Problem requirements → Work out the count of lines in the material where the string "pour" shows up, and reply with it alone.
___ Input ___
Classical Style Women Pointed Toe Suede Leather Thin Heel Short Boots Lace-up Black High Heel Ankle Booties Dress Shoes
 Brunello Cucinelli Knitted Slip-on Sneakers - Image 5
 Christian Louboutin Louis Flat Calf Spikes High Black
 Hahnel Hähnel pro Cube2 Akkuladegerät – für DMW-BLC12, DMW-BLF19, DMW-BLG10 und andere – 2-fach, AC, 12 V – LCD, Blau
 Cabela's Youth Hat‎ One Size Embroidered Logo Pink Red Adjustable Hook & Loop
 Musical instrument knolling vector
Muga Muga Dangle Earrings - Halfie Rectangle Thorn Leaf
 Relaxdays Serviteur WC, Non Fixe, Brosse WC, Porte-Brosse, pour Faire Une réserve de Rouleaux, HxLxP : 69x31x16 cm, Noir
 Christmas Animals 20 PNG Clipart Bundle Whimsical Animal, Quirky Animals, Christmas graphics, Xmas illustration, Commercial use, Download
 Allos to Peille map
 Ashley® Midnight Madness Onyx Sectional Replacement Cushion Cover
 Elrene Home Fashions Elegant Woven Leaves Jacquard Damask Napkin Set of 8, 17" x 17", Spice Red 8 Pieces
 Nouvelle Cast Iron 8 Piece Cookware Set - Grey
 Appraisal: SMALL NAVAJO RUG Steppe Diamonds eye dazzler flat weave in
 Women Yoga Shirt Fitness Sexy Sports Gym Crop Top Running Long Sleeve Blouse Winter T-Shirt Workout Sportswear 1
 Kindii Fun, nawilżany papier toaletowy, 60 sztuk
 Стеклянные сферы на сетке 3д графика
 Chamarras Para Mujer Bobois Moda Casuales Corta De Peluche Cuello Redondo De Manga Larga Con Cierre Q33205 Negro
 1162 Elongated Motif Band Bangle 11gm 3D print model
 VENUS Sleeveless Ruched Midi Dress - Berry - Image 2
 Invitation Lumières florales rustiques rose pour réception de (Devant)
___
Task response → 2